Assignment -> Check each line of the data, and copy those where "background" appears.

[[ Data for this exercise open ]]

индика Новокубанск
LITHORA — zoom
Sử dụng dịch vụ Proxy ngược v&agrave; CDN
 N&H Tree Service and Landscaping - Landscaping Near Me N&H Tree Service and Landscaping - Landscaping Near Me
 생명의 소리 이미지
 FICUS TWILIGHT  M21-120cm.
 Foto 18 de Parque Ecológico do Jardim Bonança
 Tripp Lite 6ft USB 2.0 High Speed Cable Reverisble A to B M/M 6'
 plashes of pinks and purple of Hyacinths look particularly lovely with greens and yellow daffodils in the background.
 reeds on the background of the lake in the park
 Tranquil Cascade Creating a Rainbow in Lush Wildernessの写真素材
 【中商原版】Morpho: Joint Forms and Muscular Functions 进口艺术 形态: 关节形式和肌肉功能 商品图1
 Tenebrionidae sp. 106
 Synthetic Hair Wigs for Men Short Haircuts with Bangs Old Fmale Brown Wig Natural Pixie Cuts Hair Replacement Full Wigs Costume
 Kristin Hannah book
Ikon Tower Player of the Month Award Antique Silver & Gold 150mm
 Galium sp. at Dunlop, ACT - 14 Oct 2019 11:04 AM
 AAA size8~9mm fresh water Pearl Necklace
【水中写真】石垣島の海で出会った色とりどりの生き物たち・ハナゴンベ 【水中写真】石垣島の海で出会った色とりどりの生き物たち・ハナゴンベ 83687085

[[ Data for this exercise closed ]]

Exercise response ->
 plashes of pinks and purple of Hyacinths look particularly lovely with greens and yellow daffodils in the background.
 reeds on the background of the lake in the park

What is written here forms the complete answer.